▸ **Task details**
Quote the lines of the data below verbatim, beginning at the line that contains "NC Cafetière capacité" and ending at the last line, both included, and excluding pictures.

▸ **Data**
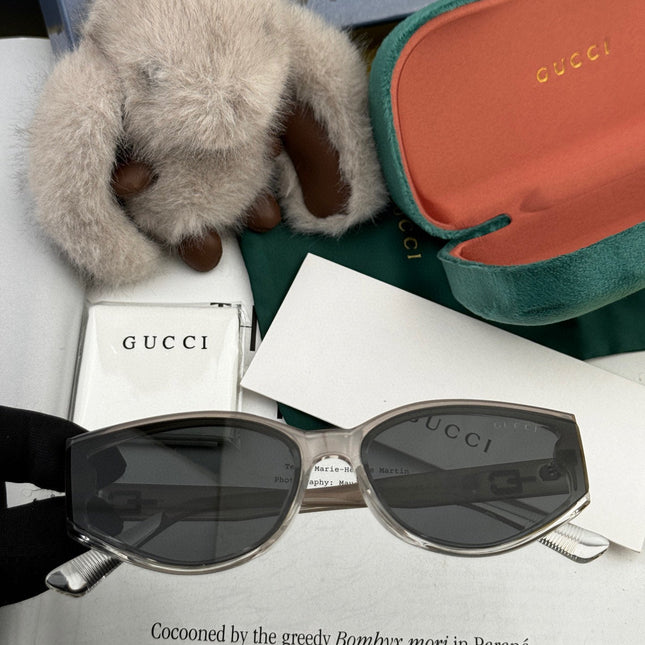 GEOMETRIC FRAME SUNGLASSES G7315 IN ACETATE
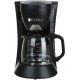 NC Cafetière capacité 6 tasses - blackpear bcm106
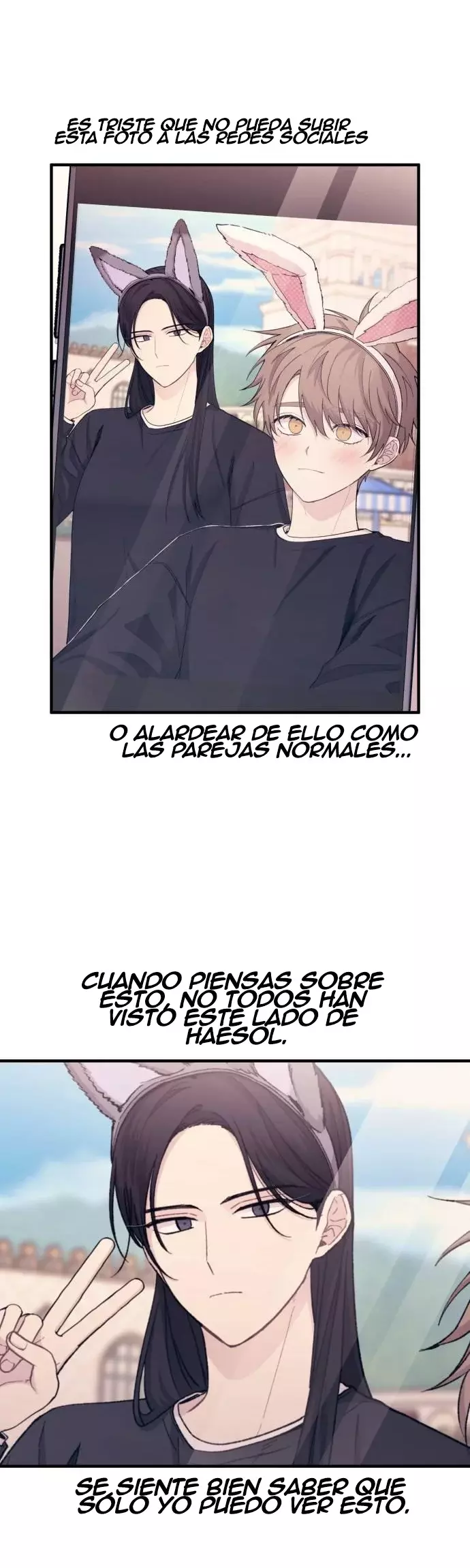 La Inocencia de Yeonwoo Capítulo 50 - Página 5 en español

▸ **Answer for the task**
 NC Cafetière capacité 6 tasses - blackpear bcm106
 La Inocencia de Yeonwoo Capítulo 50 - Página 5 en español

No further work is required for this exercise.